The second volume of Louis Lortie’s series of Fauré recitals offers the kind of solace that repays repeated hearings, with the prospect of enjoyment increasing with each one.

As in the first volume, Lortie incorporates his own transcriptions of Fauré’s best-known works, here the ‘Pie Jesu’ and the ‘In paradisum’ from the Requiem, each prepared and executed with love and care. They bookend works from various periods of the composer’s life, from the romantic early Ballade in F sharp minor to the enigmatic and unsettling Nocturne No 13, which was Fauré’s farewell to piano solo music. Lortie injects each episode of the Ballade with youthful exuberance and lust for life, as much as he yearns for lost youth and life in the fervent pleas of the Nocturne. I still have a slight preference for the shy introversion Germaine Thyssens-Valentin brings to the opening (Testament, 8/02). But let’s just accept that she is the unattainable zenith, the woman with direct access to the heart of Fauré’s music.

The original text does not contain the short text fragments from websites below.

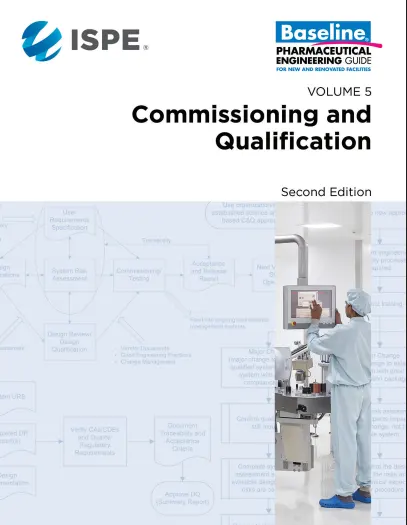 دانلود کتاب انگلیسی و ترجمه فارسی ISPE Baseline Guide Volume 5: Commissioning & Qualification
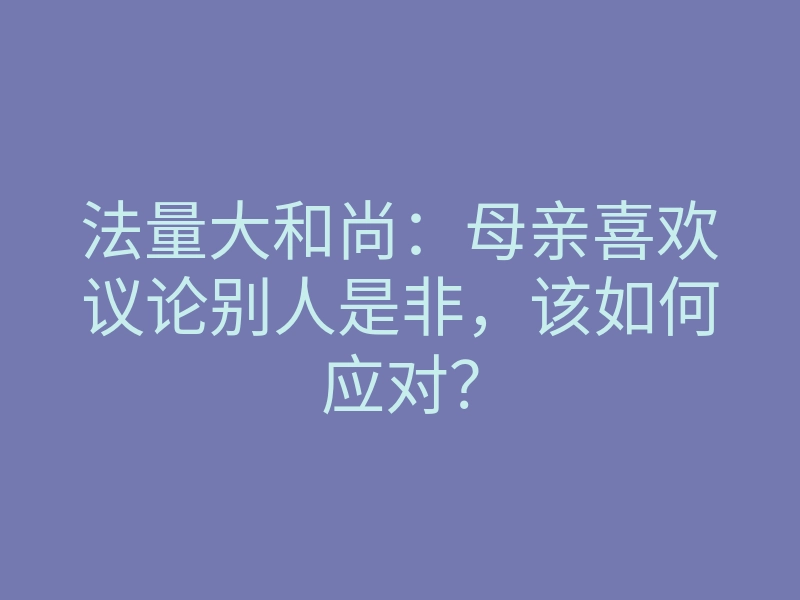 法量大和尚:母亲喜欢议论别人是非,该如何应对?
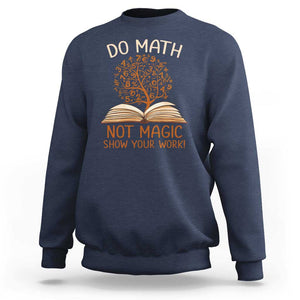 Math Teacher Sweatshirt Do Math Not Magic TS09 Navy Print Your Wear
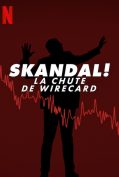 Skandal Bringing Down Wirecard (2022) การล่มสลายของบริษัทไวร์การ์ด  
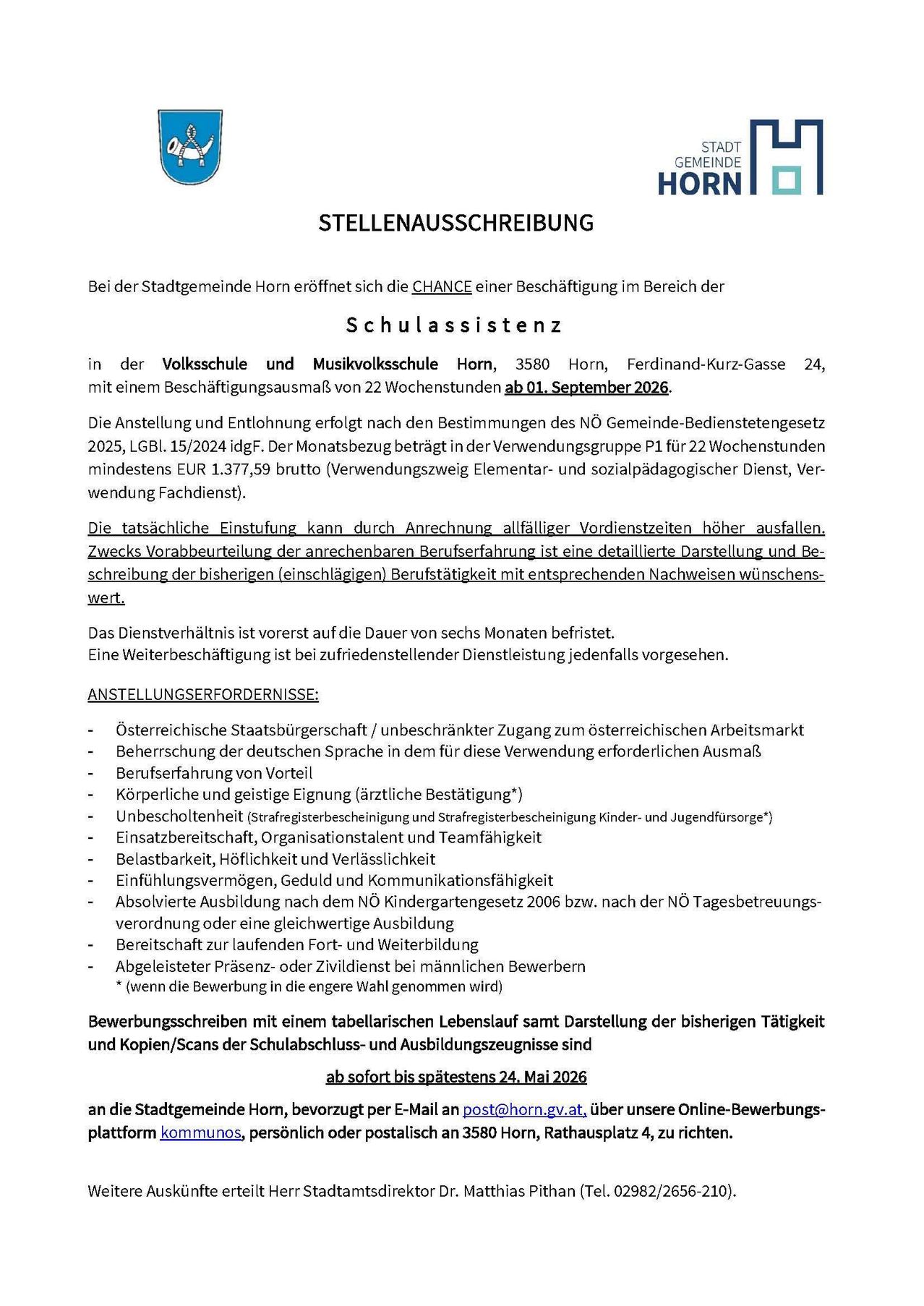 Die Stadtgemeinde Horn eröffnet eine Stelle im Bereich der Schulassistenz an der Volksschule und Musikvolksschule Horn. 3580 Horn, Ferdinand-Kurz-Gasse 24, mit einem Beschäftigungsausmaß von 22 Wochenstunden ab 01. September 2026. Einstellung und Bezahlung erfolgen nach den Bestimmungen des NO Gemeinde-Bedienstetengesetzes 2025, LGB1. Detaillierte Stellenbeschreibung und Bewerbung sind online verfügbar.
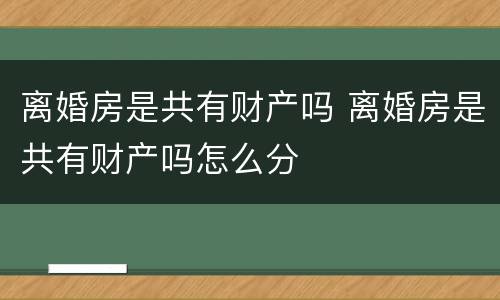 离婚房是共有财产吗 离婚房是共有财产吗怎么分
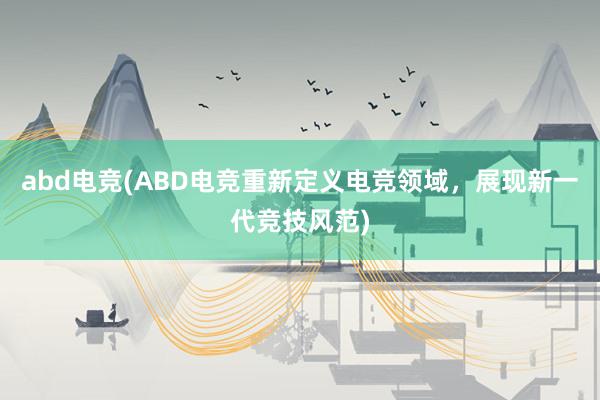 abd电竞(ABD电竞重新定义电竞领域，展现新一代竞技风范)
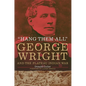 "Hang Them All": George Wright and the Plateau Indian War - Hardcover
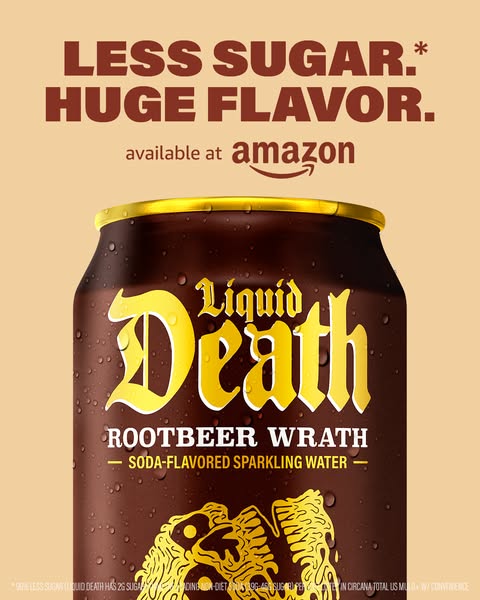Liquid Death ad: Less Sugar*. Huge Flavor.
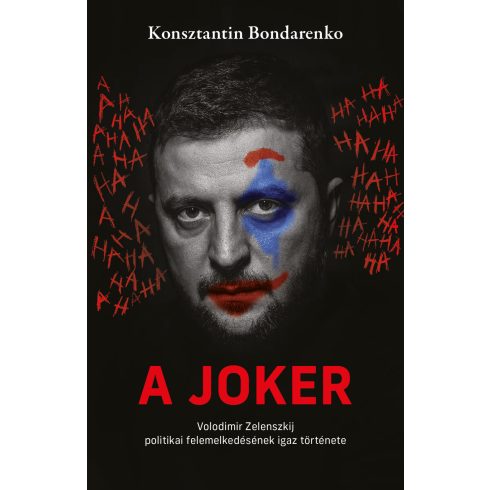 Konsztantyin Bondarenko: A JOKER - Volodimir Zelenszkij politikai felemelkedésének igaz története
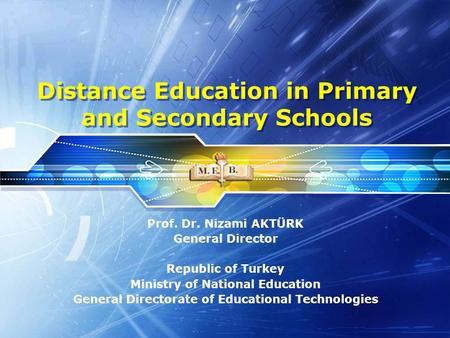 Distance Education in Primary and Secondary Schools Prof. Dr. Nizami AKTÜRK General Director Republic of Turkey Ministry of National Education General.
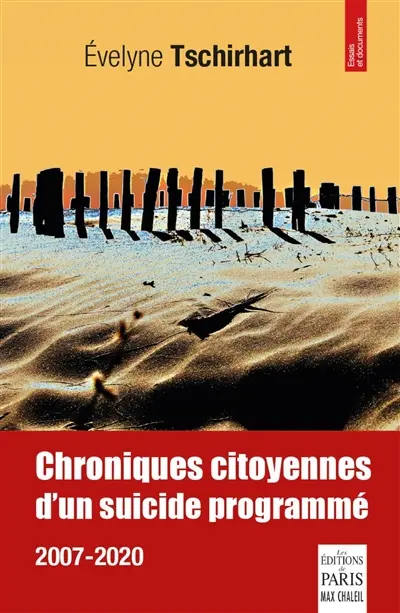 Chroniques citoyennes d'un suicide programmé : 2007-2020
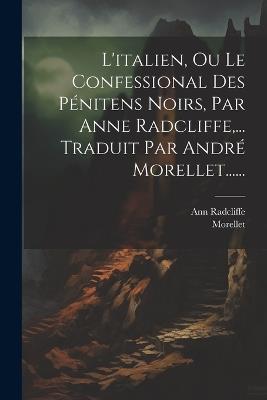L'italien, Ou Le Confessional Des Pénitens Noirs, Par Anne Radcliffe, ... Traduit Par André Morellet...... - Ann Radcliffe,Morellet - cover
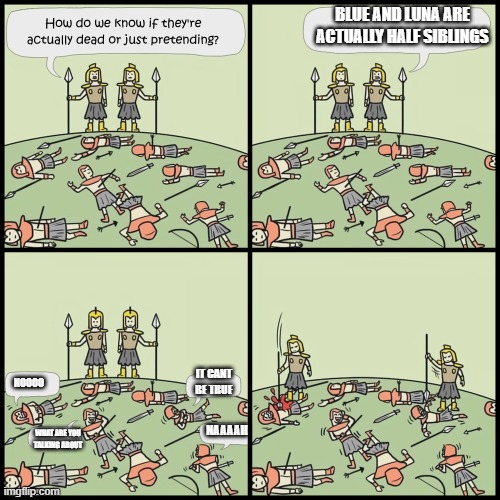 it is true tho | blue and luna are actually half siblings; it cant be true; noooo; naaaah; what are you talking about | image tagged in pretending to be dead blank | made w/ Imgflip meme maker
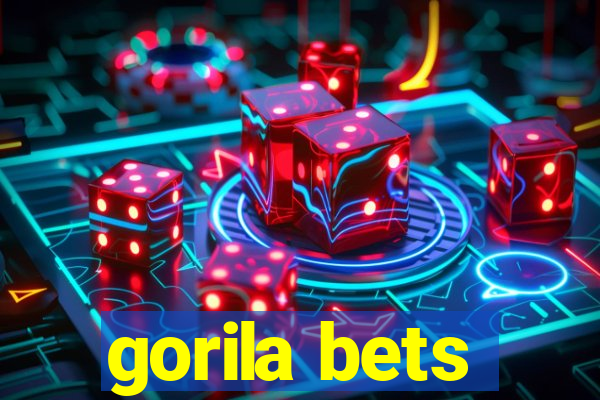 gorila bets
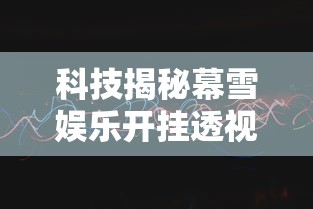 科技揭秘幕雪娱乐开挂透视神器真的可以开挂 科技揭秘幕雪娱乐开挂透视神器真的可以开挂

Here and elsewhere I have some reservations about the immediacy of the Fazioli, and I wonder whether Lortie’s poetry might have resonated even better through a warmer and more rounded piano sound. But he certainly makes a much better case for the instrument than Angela Hewitt (Hyperion, 9/13). Where Hewitt plods through the Theme of the C sharp minor Theme and Variations, Lortie endows it with a sense of inevitability and goes on to bring far greater coherence and drama to the piece as a whole.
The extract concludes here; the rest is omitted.